The Slatest

Black Rhino Hunting Permit Goes for $350,000 at Controversial Dallas Auction

A black male rhinoceros is seen at a game farm in Malelane, South Africa

Photo by ALEXANDER JOE/AFP/Getty Images

An unidentified person agreed to pay $350,000 to legally hunt an endangered African black rhino in Namibia. The Dallas Safari Club held the auction amid protests from wildlife advocates and in the end sold off the hunting permit for far less than the $1 million some were predicting would be the winning bid. But it was still a record considering the previous high bid for one of the Namibia permits had been $223,000, reports the Associated Press.

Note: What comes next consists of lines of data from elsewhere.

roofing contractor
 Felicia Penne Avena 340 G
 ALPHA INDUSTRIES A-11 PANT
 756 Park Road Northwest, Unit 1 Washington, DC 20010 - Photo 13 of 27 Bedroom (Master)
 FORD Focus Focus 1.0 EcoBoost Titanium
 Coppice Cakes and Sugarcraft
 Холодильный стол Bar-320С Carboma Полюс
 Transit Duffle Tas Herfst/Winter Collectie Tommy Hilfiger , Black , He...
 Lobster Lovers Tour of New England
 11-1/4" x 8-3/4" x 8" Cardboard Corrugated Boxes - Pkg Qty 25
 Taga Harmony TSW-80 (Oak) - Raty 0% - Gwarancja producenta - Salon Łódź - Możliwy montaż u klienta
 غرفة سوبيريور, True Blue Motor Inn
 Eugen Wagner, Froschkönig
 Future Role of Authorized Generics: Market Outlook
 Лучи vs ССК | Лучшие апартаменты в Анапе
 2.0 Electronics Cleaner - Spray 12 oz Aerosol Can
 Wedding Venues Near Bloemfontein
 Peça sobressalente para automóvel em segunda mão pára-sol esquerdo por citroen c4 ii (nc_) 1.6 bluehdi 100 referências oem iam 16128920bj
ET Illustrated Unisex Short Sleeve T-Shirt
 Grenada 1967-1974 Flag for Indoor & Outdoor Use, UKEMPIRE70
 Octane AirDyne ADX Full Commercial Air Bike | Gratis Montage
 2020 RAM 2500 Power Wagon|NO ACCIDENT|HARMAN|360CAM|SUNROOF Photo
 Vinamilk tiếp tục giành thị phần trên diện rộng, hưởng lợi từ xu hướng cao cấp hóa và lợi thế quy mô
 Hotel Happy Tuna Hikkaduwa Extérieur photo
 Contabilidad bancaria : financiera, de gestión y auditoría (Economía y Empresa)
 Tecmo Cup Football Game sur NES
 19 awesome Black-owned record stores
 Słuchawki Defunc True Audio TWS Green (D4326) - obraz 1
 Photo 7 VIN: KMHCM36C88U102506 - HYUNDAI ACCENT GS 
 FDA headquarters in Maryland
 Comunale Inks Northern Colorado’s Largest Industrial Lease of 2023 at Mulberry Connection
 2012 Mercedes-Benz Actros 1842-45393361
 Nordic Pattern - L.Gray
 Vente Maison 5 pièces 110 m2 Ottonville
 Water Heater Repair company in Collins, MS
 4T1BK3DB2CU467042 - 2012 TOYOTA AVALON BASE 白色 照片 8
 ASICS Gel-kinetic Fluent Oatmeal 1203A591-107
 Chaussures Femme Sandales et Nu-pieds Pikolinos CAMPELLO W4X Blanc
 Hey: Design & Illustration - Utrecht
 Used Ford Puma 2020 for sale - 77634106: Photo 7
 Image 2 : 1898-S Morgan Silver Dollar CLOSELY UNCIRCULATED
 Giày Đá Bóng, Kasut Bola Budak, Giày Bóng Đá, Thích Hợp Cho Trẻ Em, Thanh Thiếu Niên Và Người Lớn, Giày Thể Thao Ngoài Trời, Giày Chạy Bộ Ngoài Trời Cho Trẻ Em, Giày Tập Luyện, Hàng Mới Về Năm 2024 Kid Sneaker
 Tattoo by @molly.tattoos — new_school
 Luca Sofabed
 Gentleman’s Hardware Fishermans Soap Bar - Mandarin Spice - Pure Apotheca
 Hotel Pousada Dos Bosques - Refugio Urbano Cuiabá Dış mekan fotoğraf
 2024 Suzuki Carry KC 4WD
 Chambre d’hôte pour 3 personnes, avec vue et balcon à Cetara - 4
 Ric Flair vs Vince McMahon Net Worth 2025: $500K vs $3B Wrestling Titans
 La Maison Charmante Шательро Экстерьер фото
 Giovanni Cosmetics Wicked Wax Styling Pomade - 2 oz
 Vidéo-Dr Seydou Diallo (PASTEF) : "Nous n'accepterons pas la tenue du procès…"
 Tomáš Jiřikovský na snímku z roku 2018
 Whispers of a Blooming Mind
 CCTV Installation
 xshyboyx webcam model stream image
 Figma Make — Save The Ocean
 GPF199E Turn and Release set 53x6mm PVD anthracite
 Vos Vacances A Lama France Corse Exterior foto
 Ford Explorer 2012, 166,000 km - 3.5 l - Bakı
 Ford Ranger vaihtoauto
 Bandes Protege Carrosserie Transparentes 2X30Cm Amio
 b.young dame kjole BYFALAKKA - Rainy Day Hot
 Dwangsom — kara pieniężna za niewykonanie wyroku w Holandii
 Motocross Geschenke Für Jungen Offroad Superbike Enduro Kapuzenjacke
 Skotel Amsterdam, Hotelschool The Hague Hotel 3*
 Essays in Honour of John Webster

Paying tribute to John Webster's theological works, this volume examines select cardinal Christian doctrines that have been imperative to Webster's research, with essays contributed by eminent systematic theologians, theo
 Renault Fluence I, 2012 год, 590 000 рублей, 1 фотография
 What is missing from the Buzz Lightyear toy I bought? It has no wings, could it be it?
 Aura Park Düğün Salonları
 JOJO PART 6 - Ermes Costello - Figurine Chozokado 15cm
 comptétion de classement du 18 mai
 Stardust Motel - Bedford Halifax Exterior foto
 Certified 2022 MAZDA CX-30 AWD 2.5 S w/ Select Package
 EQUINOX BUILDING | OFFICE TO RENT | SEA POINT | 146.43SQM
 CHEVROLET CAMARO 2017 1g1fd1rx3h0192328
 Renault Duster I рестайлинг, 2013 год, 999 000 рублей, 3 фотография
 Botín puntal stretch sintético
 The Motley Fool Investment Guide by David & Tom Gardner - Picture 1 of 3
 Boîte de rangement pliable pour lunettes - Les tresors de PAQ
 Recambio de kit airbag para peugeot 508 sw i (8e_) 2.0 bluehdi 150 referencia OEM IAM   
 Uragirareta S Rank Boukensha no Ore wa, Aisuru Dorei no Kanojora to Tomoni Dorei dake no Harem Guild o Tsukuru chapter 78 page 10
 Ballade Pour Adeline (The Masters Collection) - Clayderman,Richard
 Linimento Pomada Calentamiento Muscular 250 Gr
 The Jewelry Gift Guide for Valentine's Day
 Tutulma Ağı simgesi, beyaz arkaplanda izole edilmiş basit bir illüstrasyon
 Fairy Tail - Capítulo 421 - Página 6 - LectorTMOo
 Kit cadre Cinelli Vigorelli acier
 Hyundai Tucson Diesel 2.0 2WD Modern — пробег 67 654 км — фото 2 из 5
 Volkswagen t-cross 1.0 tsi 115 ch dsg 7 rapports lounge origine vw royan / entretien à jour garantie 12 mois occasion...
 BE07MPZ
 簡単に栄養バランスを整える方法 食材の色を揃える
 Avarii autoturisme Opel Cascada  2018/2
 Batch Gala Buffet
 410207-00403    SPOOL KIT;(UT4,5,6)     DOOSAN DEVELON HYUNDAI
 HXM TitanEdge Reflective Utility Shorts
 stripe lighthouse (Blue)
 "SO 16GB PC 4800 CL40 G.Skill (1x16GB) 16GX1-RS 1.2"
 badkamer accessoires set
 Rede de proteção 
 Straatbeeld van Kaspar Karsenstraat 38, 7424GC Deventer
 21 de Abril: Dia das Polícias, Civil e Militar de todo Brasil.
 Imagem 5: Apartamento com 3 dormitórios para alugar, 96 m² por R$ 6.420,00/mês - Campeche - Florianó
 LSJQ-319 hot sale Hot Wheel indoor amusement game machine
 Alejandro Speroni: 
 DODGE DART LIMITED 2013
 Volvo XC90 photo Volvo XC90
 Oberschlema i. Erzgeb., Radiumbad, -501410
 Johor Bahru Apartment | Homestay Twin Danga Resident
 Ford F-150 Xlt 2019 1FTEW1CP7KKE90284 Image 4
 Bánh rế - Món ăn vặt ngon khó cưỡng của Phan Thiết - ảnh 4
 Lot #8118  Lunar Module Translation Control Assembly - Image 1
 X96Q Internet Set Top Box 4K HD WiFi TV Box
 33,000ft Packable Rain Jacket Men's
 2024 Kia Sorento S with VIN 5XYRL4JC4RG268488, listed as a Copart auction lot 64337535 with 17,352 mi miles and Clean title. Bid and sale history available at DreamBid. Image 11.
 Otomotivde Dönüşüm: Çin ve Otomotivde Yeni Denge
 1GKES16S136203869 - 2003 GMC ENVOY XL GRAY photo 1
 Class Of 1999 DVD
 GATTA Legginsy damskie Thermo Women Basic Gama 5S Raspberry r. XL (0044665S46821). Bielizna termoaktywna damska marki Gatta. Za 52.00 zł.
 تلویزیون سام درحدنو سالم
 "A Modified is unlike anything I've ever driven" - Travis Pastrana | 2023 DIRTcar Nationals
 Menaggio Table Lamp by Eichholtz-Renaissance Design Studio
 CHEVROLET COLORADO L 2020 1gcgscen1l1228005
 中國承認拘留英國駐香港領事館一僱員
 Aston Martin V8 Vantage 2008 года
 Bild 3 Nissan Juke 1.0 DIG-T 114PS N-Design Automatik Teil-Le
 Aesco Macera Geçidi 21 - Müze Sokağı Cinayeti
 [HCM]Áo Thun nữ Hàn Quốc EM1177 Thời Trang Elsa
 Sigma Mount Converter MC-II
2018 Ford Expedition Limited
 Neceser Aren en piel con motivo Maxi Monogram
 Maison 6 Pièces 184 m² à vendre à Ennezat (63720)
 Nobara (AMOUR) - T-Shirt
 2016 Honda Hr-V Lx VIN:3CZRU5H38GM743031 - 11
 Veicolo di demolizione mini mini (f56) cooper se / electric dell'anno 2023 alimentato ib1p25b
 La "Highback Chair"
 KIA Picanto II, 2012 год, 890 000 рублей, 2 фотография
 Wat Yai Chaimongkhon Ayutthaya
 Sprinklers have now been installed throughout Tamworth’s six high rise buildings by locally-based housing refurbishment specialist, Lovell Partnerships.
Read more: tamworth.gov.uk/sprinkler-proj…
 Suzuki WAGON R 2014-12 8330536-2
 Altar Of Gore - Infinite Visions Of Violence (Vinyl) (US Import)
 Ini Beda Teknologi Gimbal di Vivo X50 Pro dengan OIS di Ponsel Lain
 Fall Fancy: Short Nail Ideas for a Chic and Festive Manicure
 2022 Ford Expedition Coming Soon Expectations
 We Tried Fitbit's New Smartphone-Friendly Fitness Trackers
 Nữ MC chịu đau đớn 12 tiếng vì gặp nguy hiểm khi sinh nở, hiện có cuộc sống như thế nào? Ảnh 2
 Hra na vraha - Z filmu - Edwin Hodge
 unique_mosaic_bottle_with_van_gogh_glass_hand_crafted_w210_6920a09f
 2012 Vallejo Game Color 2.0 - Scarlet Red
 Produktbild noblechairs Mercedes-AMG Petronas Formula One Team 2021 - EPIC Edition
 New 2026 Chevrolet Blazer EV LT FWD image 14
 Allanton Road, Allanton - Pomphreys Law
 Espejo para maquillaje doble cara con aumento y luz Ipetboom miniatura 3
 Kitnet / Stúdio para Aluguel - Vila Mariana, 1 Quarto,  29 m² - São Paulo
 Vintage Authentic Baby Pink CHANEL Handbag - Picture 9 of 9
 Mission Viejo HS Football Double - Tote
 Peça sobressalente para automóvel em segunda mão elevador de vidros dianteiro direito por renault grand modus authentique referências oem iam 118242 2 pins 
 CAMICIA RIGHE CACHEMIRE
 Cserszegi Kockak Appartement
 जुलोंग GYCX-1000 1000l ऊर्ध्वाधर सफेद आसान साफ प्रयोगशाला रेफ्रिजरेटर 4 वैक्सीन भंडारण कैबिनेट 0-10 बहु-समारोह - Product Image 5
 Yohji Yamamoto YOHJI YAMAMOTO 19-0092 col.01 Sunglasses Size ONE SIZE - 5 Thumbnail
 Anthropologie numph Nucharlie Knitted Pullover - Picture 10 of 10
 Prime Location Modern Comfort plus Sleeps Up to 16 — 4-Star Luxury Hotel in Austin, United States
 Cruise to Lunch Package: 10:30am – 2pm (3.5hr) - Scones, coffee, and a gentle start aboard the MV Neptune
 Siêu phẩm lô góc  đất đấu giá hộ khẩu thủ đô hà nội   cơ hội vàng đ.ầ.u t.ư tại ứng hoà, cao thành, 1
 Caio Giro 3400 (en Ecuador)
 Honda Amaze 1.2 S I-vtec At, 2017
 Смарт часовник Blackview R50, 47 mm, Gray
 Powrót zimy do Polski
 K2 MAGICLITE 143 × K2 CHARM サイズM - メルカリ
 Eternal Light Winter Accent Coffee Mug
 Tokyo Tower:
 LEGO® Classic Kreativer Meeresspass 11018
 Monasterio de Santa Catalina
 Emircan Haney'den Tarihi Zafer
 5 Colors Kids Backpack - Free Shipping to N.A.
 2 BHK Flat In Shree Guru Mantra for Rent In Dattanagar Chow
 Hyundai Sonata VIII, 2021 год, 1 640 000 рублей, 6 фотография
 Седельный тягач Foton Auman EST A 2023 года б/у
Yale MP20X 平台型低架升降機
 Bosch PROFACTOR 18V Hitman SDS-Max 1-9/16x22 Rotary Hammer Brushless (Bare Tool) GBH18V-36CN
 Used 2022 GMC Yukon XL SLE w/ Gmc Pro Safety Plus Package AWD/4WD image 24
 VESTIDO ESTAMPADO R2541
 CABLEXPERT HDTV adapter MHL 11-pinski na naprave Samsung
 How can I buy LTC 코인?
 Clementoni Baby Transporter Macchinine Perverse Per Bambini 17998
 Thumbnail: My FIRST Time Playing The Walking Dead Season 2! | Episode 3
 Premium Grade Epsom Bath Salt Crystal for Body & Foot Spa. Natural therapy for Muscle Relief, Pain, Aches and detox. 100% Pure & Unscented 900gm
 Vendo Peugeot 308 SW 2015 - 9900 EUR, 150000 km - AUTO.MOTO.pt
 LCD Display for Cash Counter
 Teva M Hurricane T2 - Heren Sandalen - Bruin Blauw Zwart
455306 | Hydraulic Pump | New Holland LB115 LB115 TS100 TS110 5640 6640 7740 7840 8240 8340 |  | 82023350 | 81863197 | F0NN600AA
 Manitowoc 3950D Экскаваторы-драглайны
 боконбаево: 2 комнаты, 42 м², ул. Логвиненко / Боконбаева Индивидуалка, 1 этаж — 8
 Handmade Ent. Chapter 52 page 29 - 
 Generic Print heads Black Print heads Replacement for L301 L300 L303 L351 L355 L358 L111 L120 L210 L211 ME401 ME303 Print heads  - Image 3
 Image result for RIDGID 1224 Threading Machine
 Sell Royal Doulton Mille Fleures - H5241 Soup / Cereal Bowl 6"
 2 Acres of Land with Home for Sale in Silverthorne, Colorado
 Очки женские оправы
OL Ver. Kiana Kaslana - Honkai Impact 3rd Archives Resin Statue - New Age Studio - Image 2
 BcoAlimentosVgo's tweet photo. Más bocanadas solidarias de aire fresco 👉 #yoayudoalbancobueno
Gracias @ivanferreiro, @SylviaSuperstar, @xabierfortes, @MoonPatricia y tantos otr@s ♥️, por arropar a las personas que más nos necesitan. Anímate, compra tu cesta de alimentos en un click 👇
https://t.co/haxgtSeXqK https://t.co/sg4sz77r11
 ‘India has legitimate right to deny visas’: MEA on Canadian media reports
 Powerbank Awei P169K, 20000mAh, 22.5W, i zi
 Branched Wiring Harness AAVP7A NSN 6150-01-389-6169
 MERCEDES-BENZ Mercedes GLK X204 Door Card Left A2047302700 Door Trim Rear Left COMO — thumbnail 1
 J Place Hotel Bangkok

The Safari Club insists the auction was held in the interest of helping conserve the threatened black rhino, a “critically endangered species” of which there are only about 5,000 in the world, reports CNN. Namibia sells about five hunting permits per year for the black rhino, although this was the first time it was auctioned outside the country. Winners of the auction are only allowed to hunt from a pre-selected group of old, nonbreeding male rhinos. Yet that specification has done little to quell the criticism of conservationists who say it is ridiculous to talk about killing one animal for the greater good of the species.

“They need to be protected, not sold to the highest bidder,” said Jeffrey Flocken of the International Fund for Animal Welfare (IFAW). “It also sends a dangerous message that these iconic and disappearing animals are worth more as dead trophies to be mounted and hung on a wall in a Texas mansion than living in the wild in Africa.”